Me and two partners started a company earlier this year. Each of us owns 33.33% of the shares. Right now we are generating enough income to cover our monthly expenses, but we have already signed new clients that will allow us to turn some profit soon. We don't have employees and we have no debts.

The work we do requires us to regularly pay a few thousand dollars to service providers upfront. These costs are transferred to our clients (plus our commission), but in our line of service clients pay 30 to 60 days after billing, so we must be able to withstand a few months without receiving income. We have determined an injection of around $15K would allow us to achieve this.

I (personally) can provide this money from my savings, and to me it sounds like a better alternative than taking a loan from a bank or looking for external investors. My question is: would this be a loan to my company? If so, what parameters can I use to determine a reasonable period and interest rate? Should I be looking at this from another angle?

This is not in the U.S. by the way. The company is registered in Central America.

2 Answers 2


would this be a loan to my company?

Yes, or alternatively the company could issue out some new shares increasing your holding in the company over your partners. Another alternative would be that each partner ponies up an additional $5,000 in capital and the equity split remains the same.

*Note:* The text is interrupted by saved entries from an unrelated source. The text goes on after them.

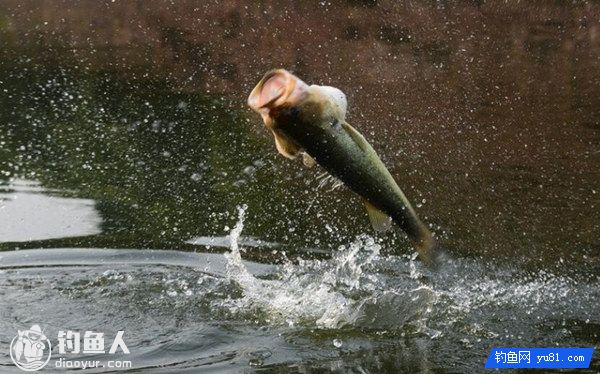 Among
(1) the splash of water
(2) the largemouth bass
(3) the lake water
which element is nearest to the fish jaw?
(2) the largemouth bass

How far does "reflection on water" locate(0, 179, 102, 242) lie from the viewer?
740 cm

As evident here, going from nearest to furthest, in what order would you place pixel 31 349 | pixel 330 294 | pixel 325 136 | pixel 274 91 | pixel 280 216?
pixel 274 91 → pixel 325 136 → pixel 31 349 → pixel 330 294 → pixel 280 216

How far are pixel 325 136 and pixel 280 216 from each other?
4.03m

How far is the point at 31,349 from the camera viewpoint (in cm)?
534

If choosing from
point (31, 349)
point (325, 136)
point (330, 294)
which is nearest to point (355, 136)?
point (325, 136)

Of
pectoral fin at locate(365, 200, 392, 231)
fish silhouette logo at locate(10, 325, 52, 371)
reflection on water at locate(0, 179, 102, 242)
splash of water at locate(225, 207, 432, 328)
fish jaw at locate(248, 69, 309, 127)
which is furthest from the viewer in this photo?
reflection on water at locate(0, 179, 102, 242)

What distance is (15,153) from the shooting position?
10117 millimetres

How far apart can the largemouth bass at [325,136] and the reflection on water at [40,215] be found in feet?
11.8

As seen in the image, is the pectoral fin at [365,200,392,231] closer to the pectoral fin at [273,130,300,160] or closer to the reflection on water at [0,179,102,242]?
the pectoral fin at [273,130,300,160]

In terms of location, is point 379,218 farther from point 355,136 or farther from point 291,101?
point 291,101

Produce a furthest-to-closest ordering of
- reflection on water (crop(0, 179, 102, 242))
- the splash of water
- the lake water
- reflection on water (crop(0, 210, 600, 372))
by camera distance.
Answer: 1. reflection on water (crop(0, 179, 102, 242))
2. the splash of water
3. the lake water
4. reflection on water (crop(0, 210, 600, 372))

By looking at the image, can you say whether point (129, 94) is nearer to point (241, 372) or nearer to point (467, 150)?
point (467, 150)

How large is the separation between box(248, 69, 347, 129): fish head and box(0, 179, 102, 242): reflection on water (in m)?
3.82

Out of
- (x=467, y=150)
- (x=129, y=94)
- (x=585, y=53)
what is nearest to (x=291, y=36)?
(x=585, y=53) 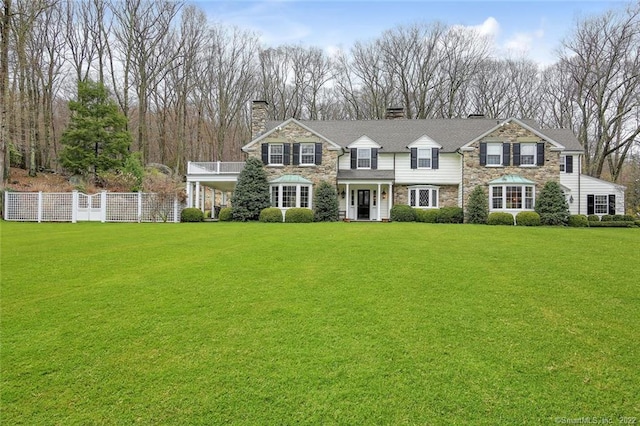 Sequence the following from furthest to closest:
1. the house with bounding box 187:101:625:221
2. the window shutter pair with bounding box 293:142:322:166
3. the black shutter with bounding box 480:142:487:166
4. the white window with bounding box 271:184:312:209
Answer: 1. the window shutter pair with bounding box 293:142:322:166
2. the white window with bounding box 271:184:312:209
3. the black shutter with bounding box 480:142:487:166
4. the house with bounding box 187:101:625:221

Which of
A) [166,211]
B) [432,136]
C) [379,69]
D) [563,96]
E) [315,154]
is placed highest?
[379,69]

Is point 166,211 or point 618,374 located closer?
point 618,374

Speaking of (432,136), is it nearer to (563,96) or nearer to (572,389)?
(563,96)

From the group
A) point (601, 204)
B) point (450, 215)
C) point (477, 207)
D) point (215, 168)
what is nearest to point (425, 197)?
point (450, 215)

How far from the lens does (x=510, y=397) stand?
2.92m

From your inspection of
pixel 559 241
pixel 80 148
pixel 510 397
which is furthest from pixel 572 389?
pixel 80 148

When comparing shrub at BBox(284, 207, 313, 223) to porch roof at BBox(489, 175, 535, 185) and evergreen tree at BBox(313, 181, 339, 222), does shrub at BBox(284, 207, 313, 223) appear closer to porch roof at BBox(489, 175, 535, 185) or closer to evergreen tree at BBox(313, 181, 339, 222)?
evergreen tree at BBox(313, 181, 339, 222)

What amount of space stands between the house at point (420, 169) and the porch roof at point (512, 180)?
49mm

If so, what parameters can I use to determine a reasonable period and interest rate?

Go to market and see what terms you are able to secure from a lender.

Should I be looking at this from another angle?

I know you are optimistic about your future prospects. I know it seems to make sense to finance the project yourself rather than pay interest to someone else, but default risk is real. Despite your best efforts your $15,000 might not come back to you. One of your customers might go 90 days, 180 days, or out of business. Also, your $15,000 is worth a lot more to you than it is to your partners, because if this company fails you get the loss completely, they don't. It might be worth paying someone else some interest to shoulder that risk. A private lender would probably require personal guarantees from you and your partners. If you lend the money to the company you would be wise to seek a similar guarantee.

If you are taking more risk than your partners you should be compensated appropriately for that risk. If everything goes to plan your partners will have benefited greatly from the use of your capital and that benefit should appropriately come at a cost to them.

If I were in your shoes, I'd say everyone pitches in an additional $5,000. They can get it from a loan on their own or whatever, but if everyone is to stay equal partners, everyone should equally share the risk.

  • 3
    +1 Equal shares = equal risk = equal incentive to make the business work. Depending what the original investment was (if any), if the OP stands the full $15k (even with increased ownership), and things become difficult, the others may not be "as bothered" about keeping it going as the OP would be.
    – TripeHound
    Commented May 9, 2018 at 7:44

There are a lot of options.

As @quid says, you could say that each partner has to kick in $5,000, however they get it. Then everyone shares the risk equally. Whether that works depends on whether you can all manage to get the money. Maybe one or more don't have $5,000 and no bank will loan them the money.

You could loan the company $15,000, to be paid back when profits start to come in. In that case you'd need to have an agreement with your partners about repayment terms and interest rate. No matter how good a friends you are and how much you trust each other, I'd put that in writing, if nothing else just so that there's no misunderstandings. (Like, "I thought you said the company didn't have to pay it back until we turned a profit?" "No, I said in 5 years. I may have said that I expected that we'd be turning a profit by then." Etc.) This has the big risk to you that if things go badly, you might never get your $15,000 back.

You could put in another $15,000 and get additional stock, so that you get a bigger percentage of the profits when (and if) there are profits. In that case you're risking more, but you get a bigger reward if the risk pays off.

Note that contributions to a company don't always have to be in dollars. Like I used to work for a company that was owned by two partners: One of them put up the bulk of the cash; the other's primary contribution was technical expertise.